U.S. SEC revamps crypto rules

The U.S. Securities and Exchange Commission (SEC) announced on Thursday the rescission of Staff Accounting Bulletin (SAB) No. 121, marking a pivotal regulatory change for the crypto industry.
This decision, led by Commissioner Hester Peirce and the agency’s new crypto task force, signals a shift toward simplifying compliance requirements for companies handling digital assets.
SAB 121, introduced in March 2022, mandated companies to record both a liability and a corresponding asset for cryptocurrency holdings managed on behalf of users. Critics, including Peirce, viewed this approach as overly complex and unfairly burdensome for crypto platforms compared to traditional financial institutions.
Under the revised guidelines, companies will assess their safeguarding obligations using broader accounting standards, such as U.S. Generally Accepted Accounting Principles (GAAP) contingency rules and International Financial Reporting Standards (IFRS). These updates apply retroactively to fiscal years beginning after December 15, 2024, though early adoption is permitted.

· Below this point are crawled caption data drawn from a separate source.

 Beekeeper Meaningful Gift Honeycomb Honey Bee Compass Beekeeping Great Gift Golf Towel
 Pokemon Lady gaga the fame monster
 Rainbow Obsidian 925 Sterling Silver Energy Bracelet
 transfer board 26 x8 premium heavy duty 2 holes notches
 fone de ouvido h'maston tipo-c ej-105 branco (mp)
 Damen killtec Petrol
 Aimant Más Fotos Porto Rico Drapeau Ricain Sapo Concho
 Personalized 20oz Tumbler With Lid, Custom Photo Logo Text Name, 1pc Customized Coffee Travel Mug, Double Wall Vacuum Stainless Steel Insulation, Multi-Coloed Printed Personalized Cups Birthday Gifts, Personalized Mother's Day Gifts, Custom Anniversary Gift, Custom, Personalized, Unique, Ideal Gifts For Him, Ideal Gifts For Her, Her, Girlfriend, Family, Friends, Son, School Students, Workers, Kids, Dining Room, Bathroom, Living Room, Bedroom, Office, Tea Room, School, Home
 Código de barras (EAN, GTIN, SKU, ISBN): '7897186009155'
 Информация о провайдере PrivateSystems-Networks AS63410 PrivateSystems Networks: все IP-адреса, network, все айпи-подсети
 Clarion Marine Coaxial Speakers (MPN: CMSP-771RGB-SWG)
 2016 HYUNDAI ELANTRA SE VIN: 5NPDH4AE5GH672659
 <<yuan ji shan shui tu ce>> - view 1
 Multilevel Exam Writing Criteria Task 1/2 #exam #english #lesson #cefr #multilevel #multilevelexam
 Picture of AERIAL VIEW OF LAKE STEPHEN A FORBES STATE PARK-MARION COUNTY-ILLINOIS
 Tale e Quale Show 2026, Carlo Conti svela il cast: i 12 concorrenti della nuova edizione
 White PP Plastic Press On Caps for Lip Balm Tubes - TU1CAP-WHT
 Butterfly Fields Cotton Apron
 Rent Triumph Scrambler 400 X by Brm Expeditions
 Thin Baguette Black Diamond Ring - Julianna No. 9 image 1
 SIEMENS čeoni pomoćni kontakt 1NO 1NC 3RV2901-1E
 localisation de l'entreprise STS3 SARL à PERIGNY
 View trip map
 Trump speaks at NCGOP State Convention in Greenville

Implications for the U.S. crypto market
Industry leaders view this development as a potential turning point for cryptocurrency adoption in the United States. Kristin Smith of the Blockchain Association highlighted the move as an opportunity to unlock new market potential, particularly as interest in digital assets like Bitcoin and Ethereum continues to grow.
While spot ETFs for Bitcoin and Ethereum are now trading on Wall Street, regulatory uncertainty and associated risks have kept many U.S. investors and businesses on the sidelines. The SEC’s decision to streamline crypto accounting rules could reduce barriers and encourage broader participation in the digital asset economy.
As the regulatory environment evolves, the SEC’s actions are likely to shape the future of crypto innovation and integration into the mainstream financial system.